K. Harley McDonald named San Diego chapter Woman of the Year by Women of Wind Energy
K. Harley McDonald, Senior Business Developer
When I was working in Central America and the Caribbean as a marine and terrestrial archaeologist, I had no idea I would be pursuing a career in renewable energy development a short time later. But looking back, it was the perfect stepping stone.
I was very lucky during my tenure as an archaeologist to work on some amazing sites, including Mayan sites in Belize, Taino sites (the native inhabitants that met Christopher Columbus) in the Dominican Republic, and Spanish treasure ships and pirate shipwrecks throughout the Caribbean. The work entailed anything from excavating royal Mayan burials and ballcourts, exploring caves to document the rock art, diving in cenotes (sinkholes) to bring up the artifacts the Taino dropped into the well as offerings to the Gods, and dredging the ocean floor to uncover shipwrecks. The transition to renewable energy came after becoming a consultant for the oil and gas industry to assist in siting underwater pipelines across the Gulf of Mexico to avoid shipwrecks. I realized I liked working in the energy sector. The difference was that I wanted to do something that I believed in and was near and dear to my heart: renewable energy.
Now having developed wind and solar projects for nearly 10 years, and having joined Iberdrola Renewables in 2010, I was surprised and humbled to be named by the San Diego chapter of Women of Wind Energy as their Woman of the Year for 2013. In their announcement, they touted my permitting and regulatory achievements in San Diego County, and my leadership of wind and solar development efforts throughout the state.
As a developer of some high profile projects in large media markets, in a state as complex and with as rich a renewables history as California, my name can be out in public a lot, but I feel that it’s simply part of my job. I have found that, whether consciously or subconsciously, I have surrounded myself with friends, family, and co-workers that all love nature and understand that the climate is changing. Each one of us needs to do our part, whether our efforts are big or small.

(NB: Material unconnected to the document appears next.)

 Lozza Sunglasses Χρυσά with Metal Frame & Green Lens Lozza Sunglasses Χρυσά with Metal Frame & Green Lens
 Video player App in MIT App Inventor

“We are very pleased to honor K. Harley McDonald as our 2013 Woman of the Year,” said Mary Anderson, WoWE San Diego Chapter steering committee member. “With her exceptional leadership in both thought and action, tireless advocacy, and grace under pressure, Harley serves as a model for a renewable energy industry leader and is most deserving of this honor.”

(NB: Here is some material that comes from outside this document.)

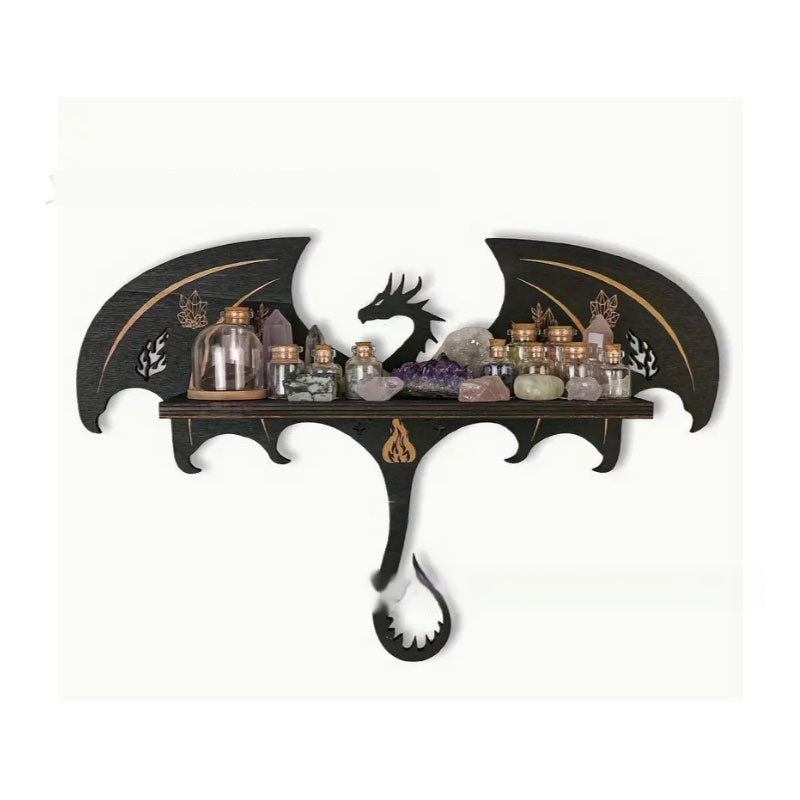 Wooden Dragon Wall Decoration Home Hanging Ornament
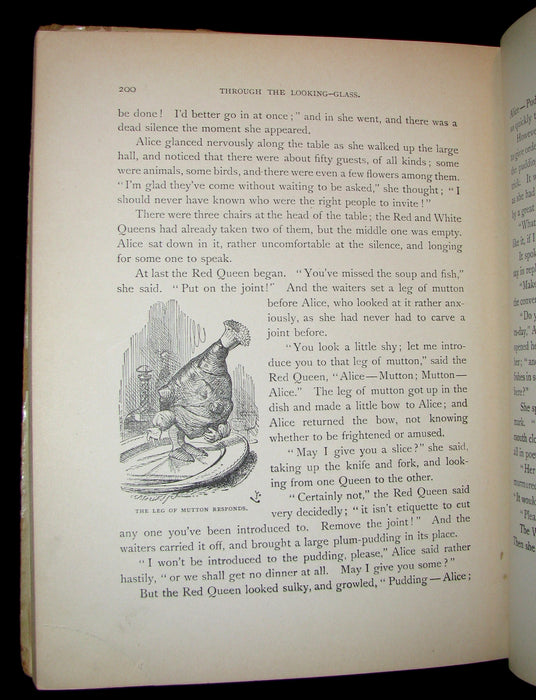 1898 Rare Victorian Book - Through The Looking Glass And What Alice Found There published by Lothrop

I assure you when someone who I respect as much as Mary says such kind words about my work, my first thought is to hide under a table, but as I said before, working on high profile projects in large media markets doesn’t always lend itself to channelling your inner wallflower. Instead, I focus on the fact that I’m trying to do something to help combat climate change and that the attention sometimes comes with the territory.